4. Servicios públicos con todo y los servidores.

5. Partidos políticos.

Me pregunto cual será el ranking de cada mexicano. Y sé que la cuestión de la corrupción se presta siempre para los discursos bobos. Es cuestión de prender la tele, abrir un periódico y brota sola la fórmula ponciopilatesca: todos somos corruptos, por eso estamos como estamos.

Esta manera de ver las cosas sirve para que muchos se laven las manos. Si todos somos corruptos, significa que ninguno lo es, y el fatalismo gana la batalla: nunca vamos a cambiar, seguiremos hostigando hasta a los meseros en las bodas para que nos sirvan la pechuga más grande y nos traigan doble ración de postre. Okey, eso no tenía mucho que ver pero recordé una anécdota de la boda a la que fui ayer.

Nos espera un discurso más, muchos se interesarán y la mayoría habremos de ponernos a trabajar y buscar la forma de llegar a nuestro trabajo evitando las marchas. Así es México, así nos va.

Yo pienso que para muchos mexicanos la vida durante este año ha sido una papa y seguirá siendo una papa. Y no una papa de “qué fácil es vivir”…me refiero al tubérculo. Me explico…

Muchos de nosotros nuestra papa la hemos pelado, hervido y cocinado. No sin antes limpiarle bien la cáscara con un cepillo bajo el agua, cortarla en cubos, ponerla en refractario al horno y rociado con aceite de oliva, romero fresco y pimienta recién molida. Y estamos esperando a que el fuego ponga a la papa doradita.

Si tu papa en este momento esta desabrida o deliciosa depende un poco de ir aprendiendo a cocinar, de cuán amplio sea tu gusto, de los ingredientes que tengas en la alacena, y cómo manejas todo esto con tu ingenio.

Sé que a muchos de ustedes no les gustará lo que voy a decir, pero tiene que ver el factor suerte: “A muchos de ustedes no les alcanza para aceite de oliva y el utensilio para moler pimienta cuesta un huevo”.

Y hay que reconocer que tampoco es lo mismo ser un tubérculo en una tierra pródiga en minerales que en un terreno reseco.

Y sí, ayuda mucho a que tu papá sea más rico o tenga algún puesto en el gobierno, para qué negarlo.

Pero debes saber que puedes tener muchísimo dinero e igual no saber cocinar. Te conviene aprender. Claro, puedes pagarle a alguien para que te haga las papas, pero nunca vas a estar comiendo como lo dictan tus tripas y tu corazón.

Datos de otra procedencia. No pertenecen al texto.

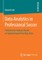 Data Analytics in Professional Soccer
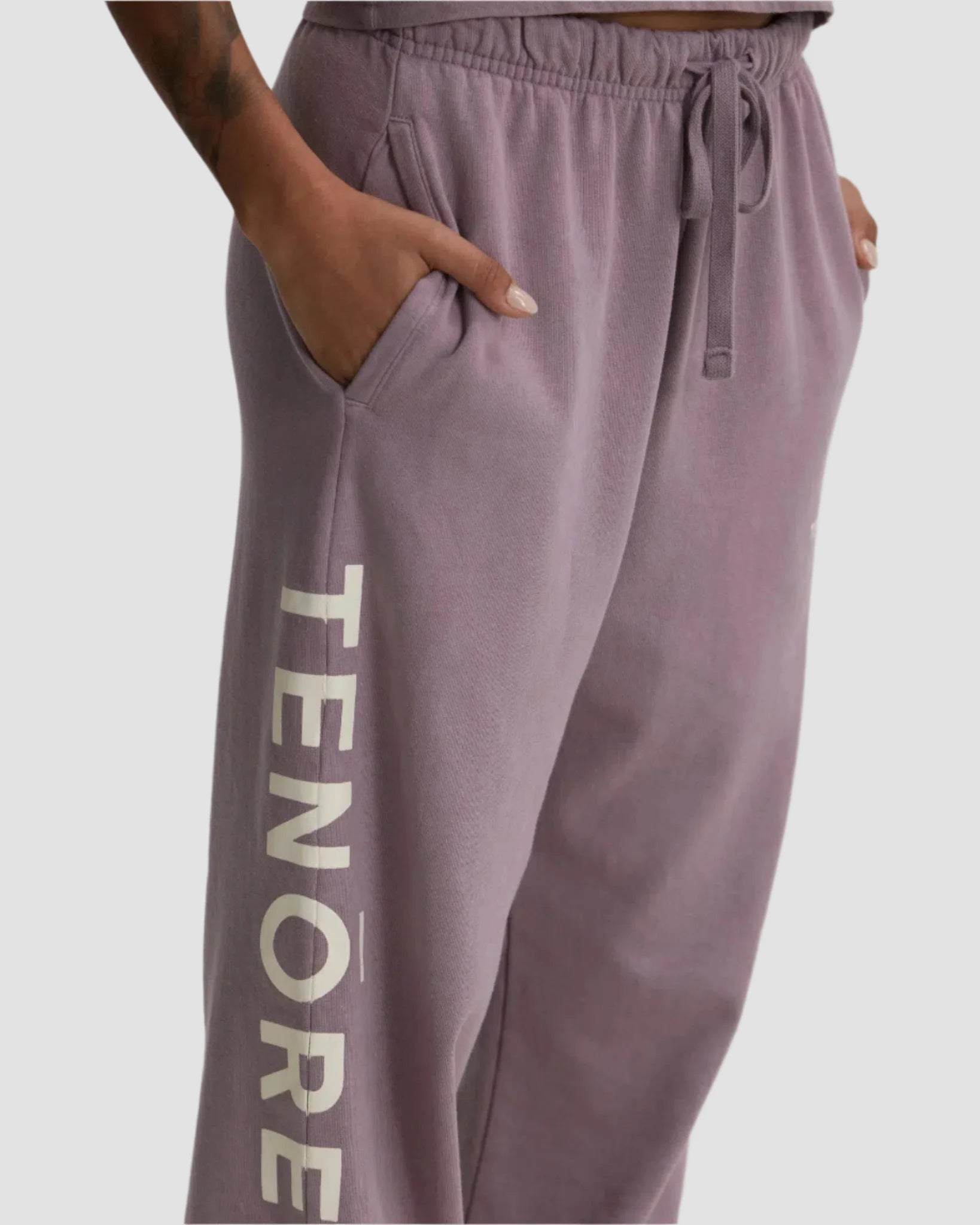Logo Fleece Sweatpant-TENORE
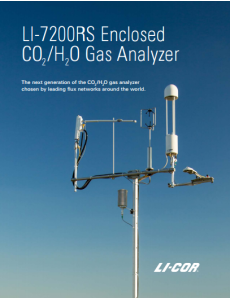 LI-7200RS Enclosed CO2/H2O Gas Analyzer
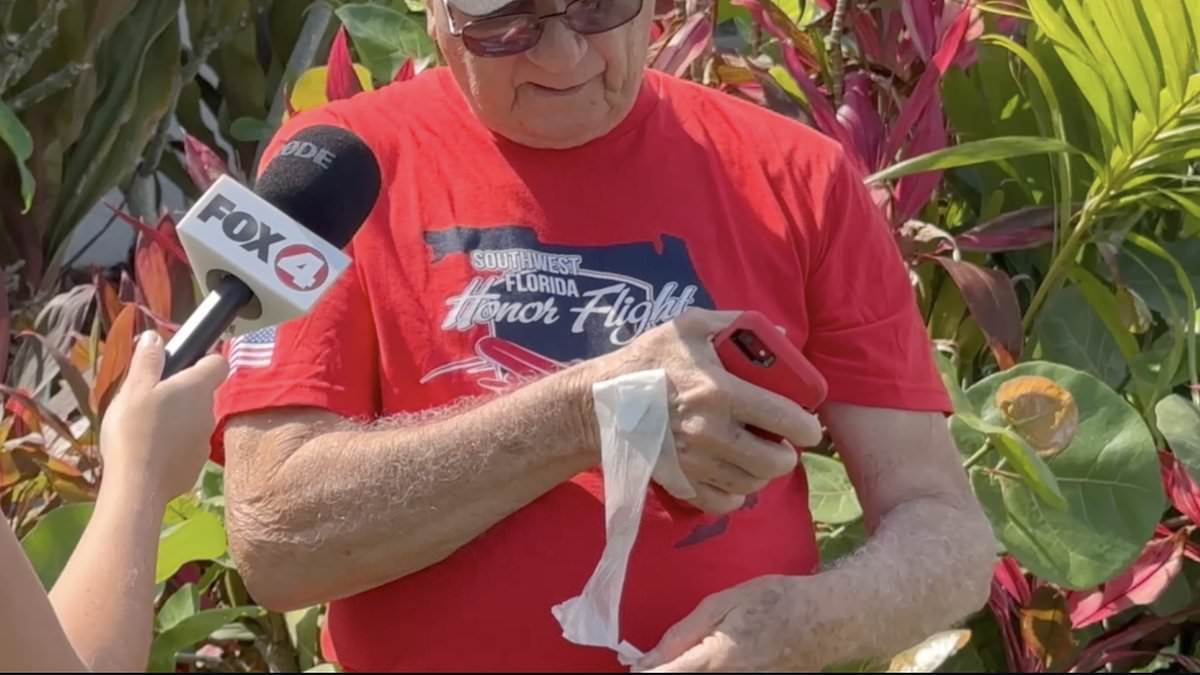 Shocking injuries of old man viciously attacked by unlikely beast in stunning coastal Florida town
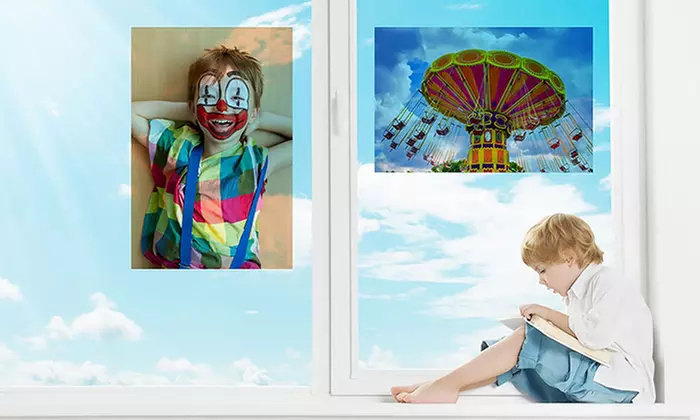 12"x24", 16"x20", or 16"x24" Custom Photo Window Cling from Cheap Canvas Deals (Up to 77% Off) - Second Medium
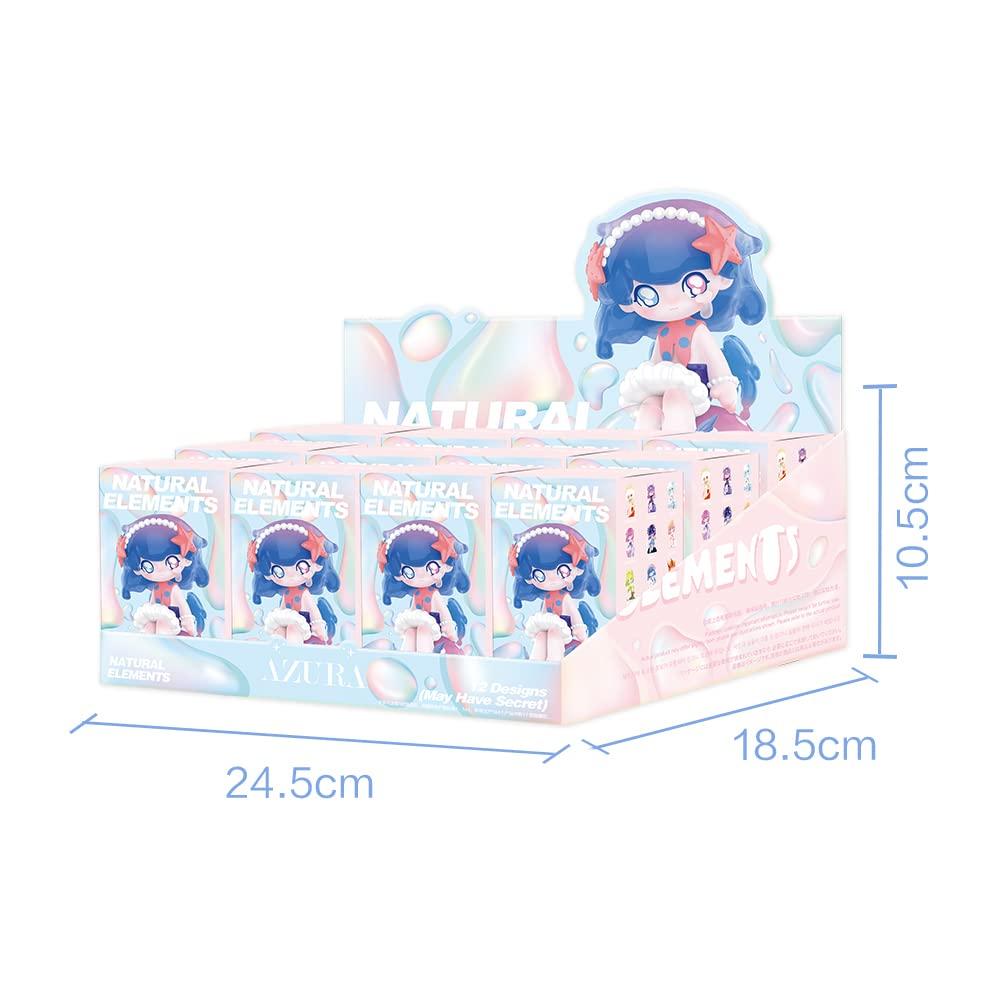 POP MART AZURA Natural Elements Box 12 Pop Mart Gachapon Blind Box Figure Plastic Model Premium Toy PVC Soft Vinyl Original Character Birthday Gift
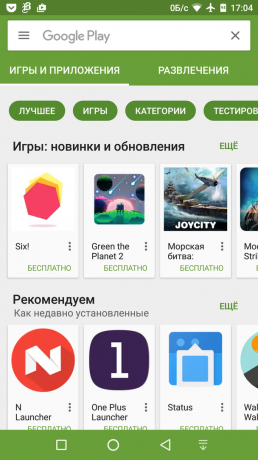 Navigační lišta Google Apps NavBar Play
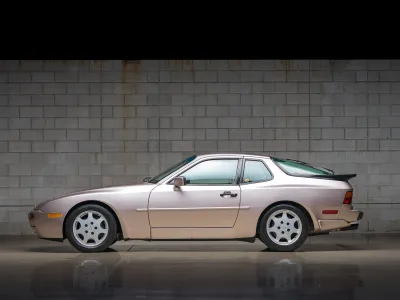 1988 Porsche 944 Turbo S In Silver Rose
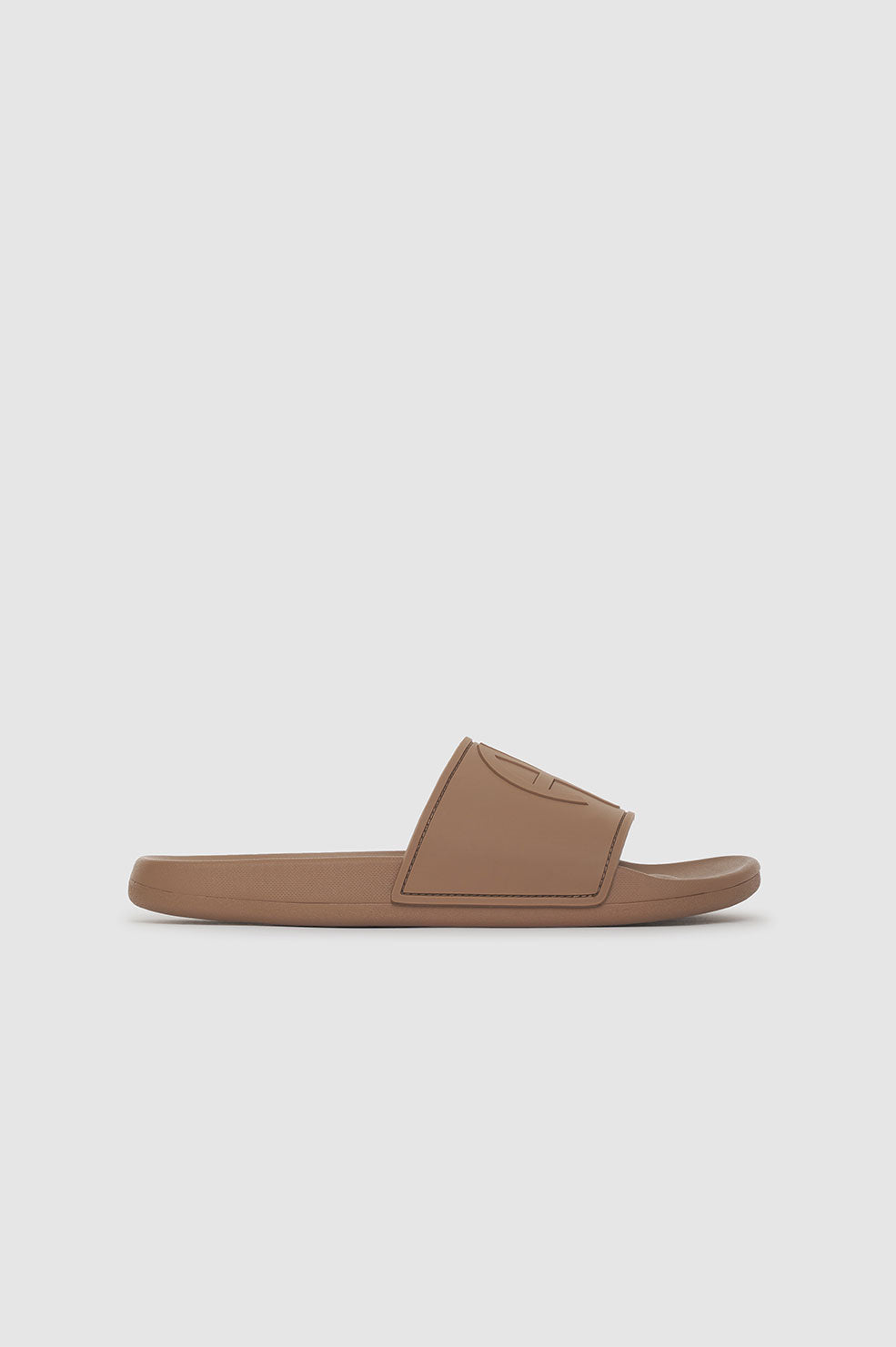 Isla Slides - Camel Monogram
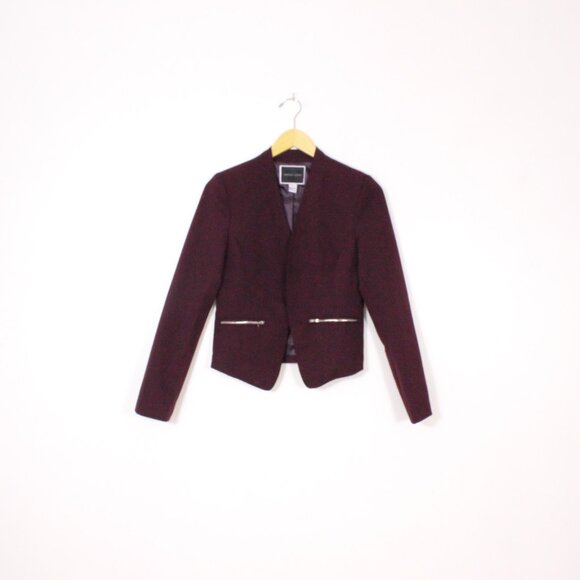 *Another Story Purple Wine Blazer - Picture 4 of 7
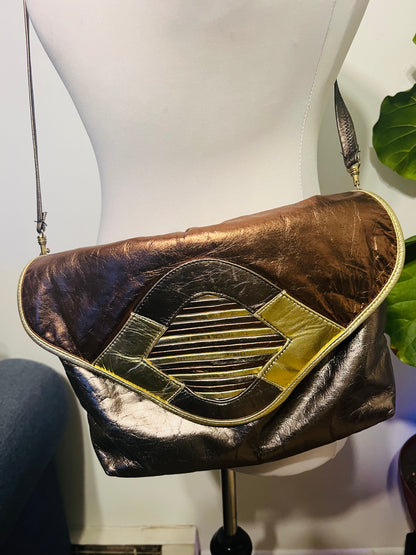 Vintage leather handbag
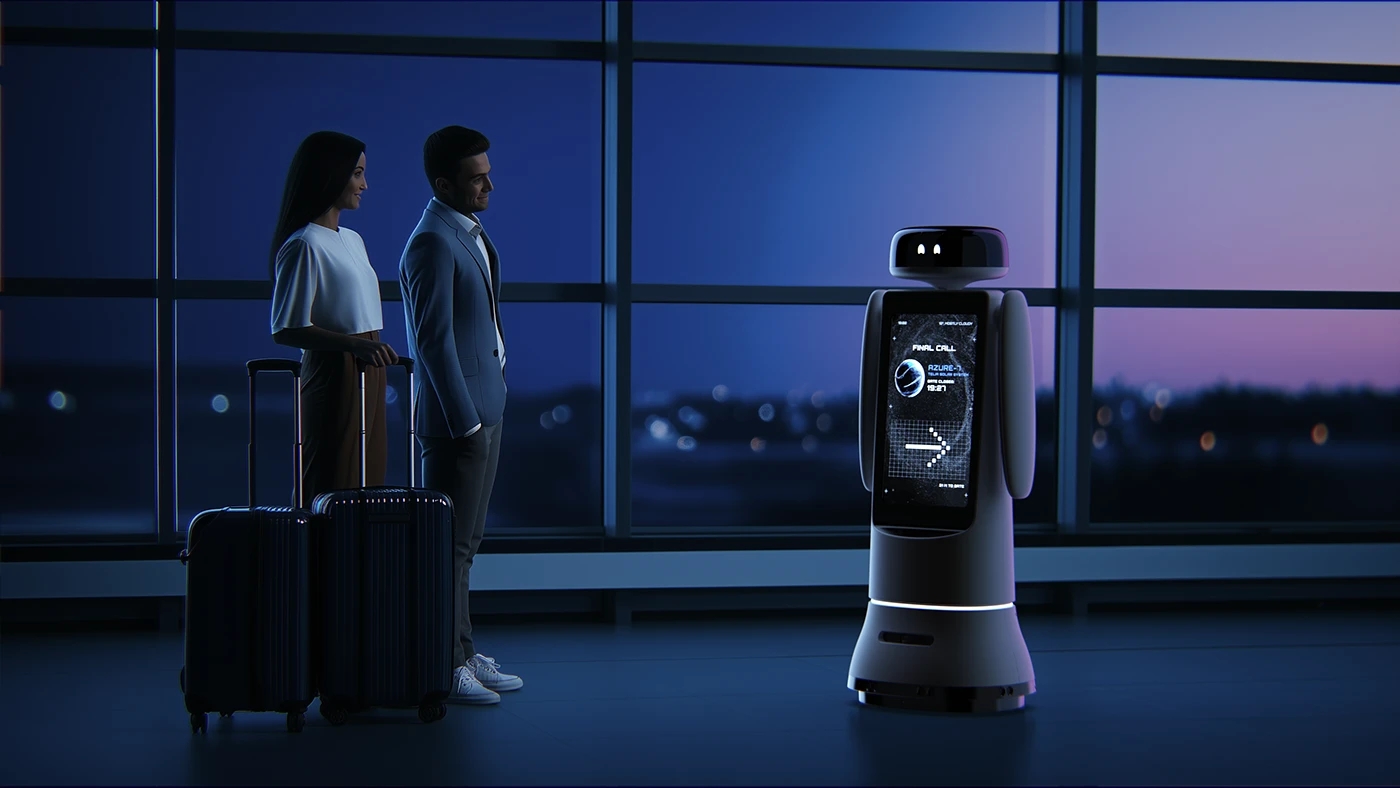 Humanoid robot，Nexiobot，artificial intelligence，sensor，public space ，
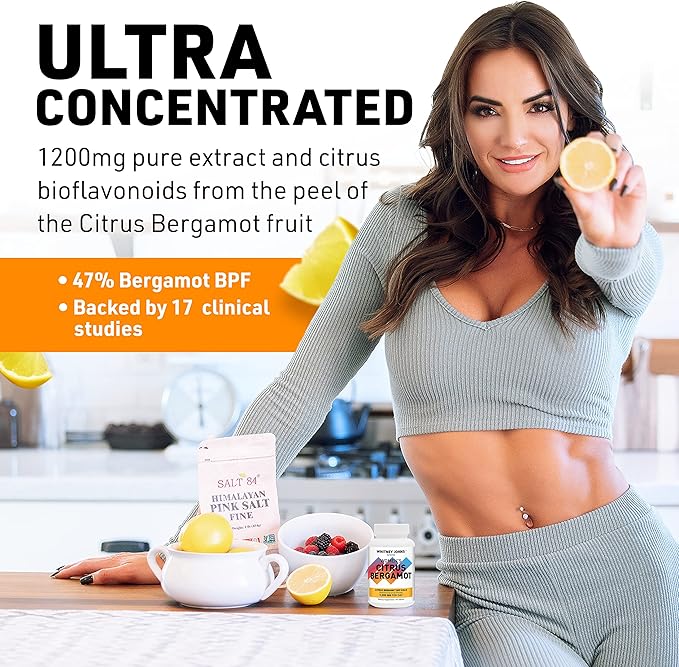 Citrus Bergamot for Women, Clinically Tested Bergamot Supplement specifically formulated for Womens Health and Wellness, Antioxidant,1200mg, 90 Tablets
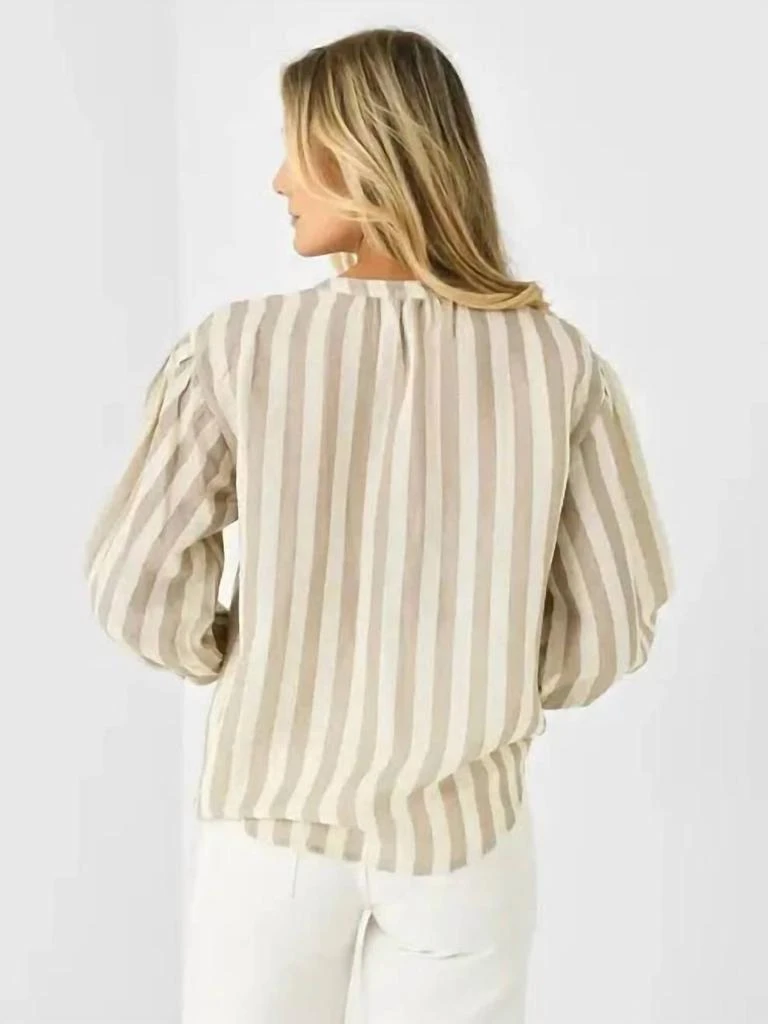 Velvet by Graham & Spencer Velvet By Graham & Spencer - Gabby Striped Linen Top 2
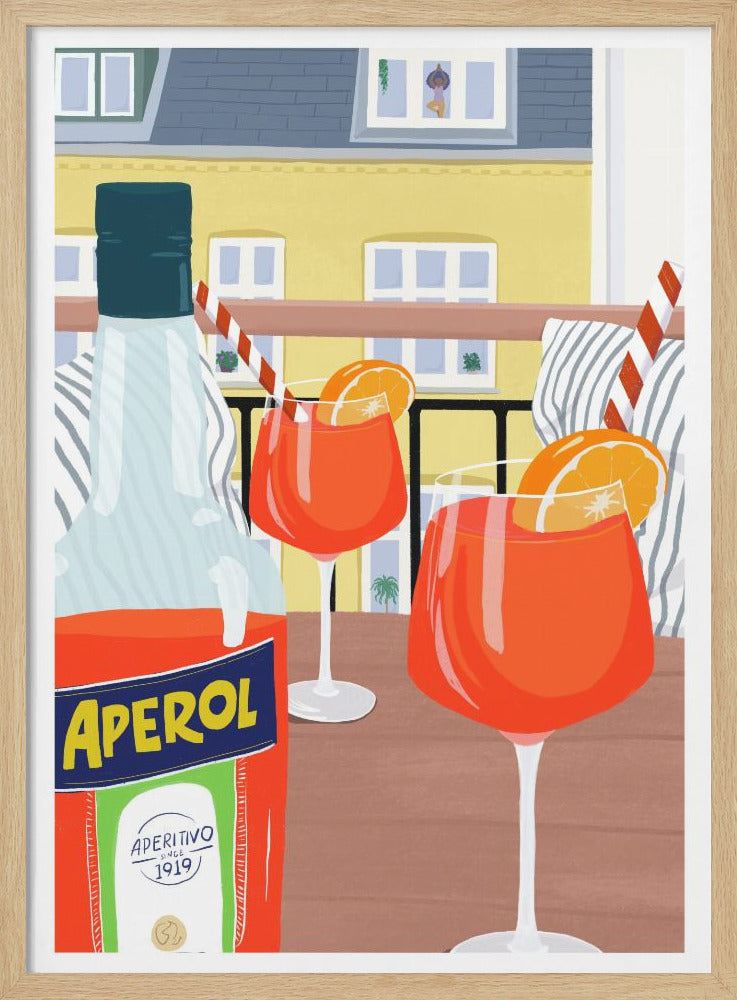 Balcony Hygge - Poster / Art Print
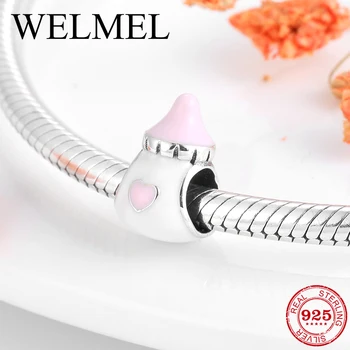 Real 925 Sterling Silver Charms Pink Baby pacifier Feeding bottle Beads Fit Original Women Charms DIY Bracelet Jewelry making
Real 925 Sterling Silver Charms Pink Baby pacifier Feeding bottle Beads Fit Original Women Charms DIY Bracelet Jewelry making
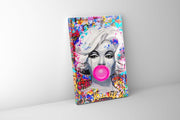 Marilyn Monroe Graffiti Canvas Print 36x48-Print-DECOROLALA
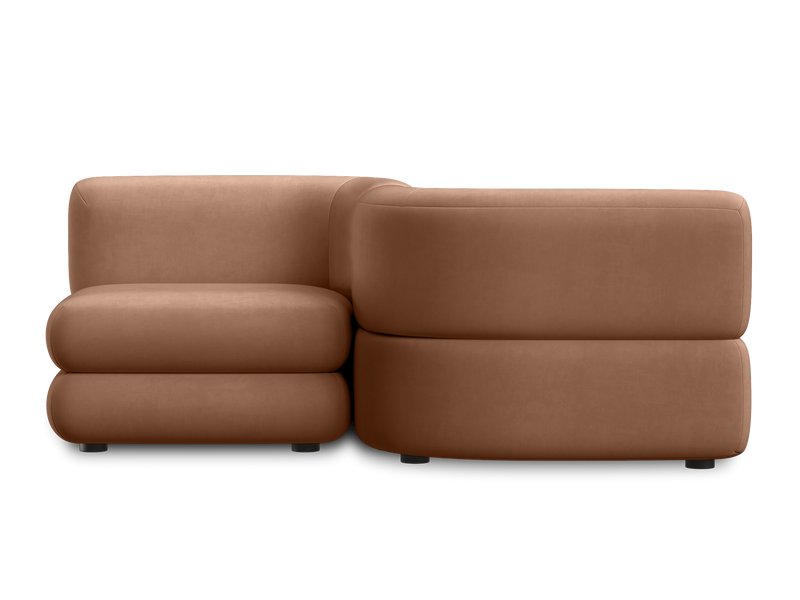 Диван модульный Брера-2 Velour Caramel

A la larga serás más infeliz.

Así que el dinero ayuda a que tu papa sea rica, pero no es un factor determinante.

La papa queda bien con quesos, limón, mantequilla, sal, puedes hacerla puré, hornearla o freírla, (aunque no lo recomiendo, engorda más), puedes ponerle un día eneldo y al otro día vinagre y perejil, dejarle la cáscara o quitársela, hervirla entera para que tenga más almidón, ponerla en las brasas de la parrilla, en fin, las papas no tienen límites. Hay postres dulces hechos a base de papa, con esto me refiero a que hay que abrir la cabeza y ampliar los gustos, o tu papa será siempre motivo de queja.

Llevamos un año de gobierno y necesitamos que cada mexicano le eche ganas a cómo cocina sus papas, antes de que se pongan feas.

Informe o no, cada mexicano debe poner de su parte y sino pues entonces no se anden quejando.

Les dejo esto para que les sea más leve su lunes de protestas e informe. Hasta la próxima.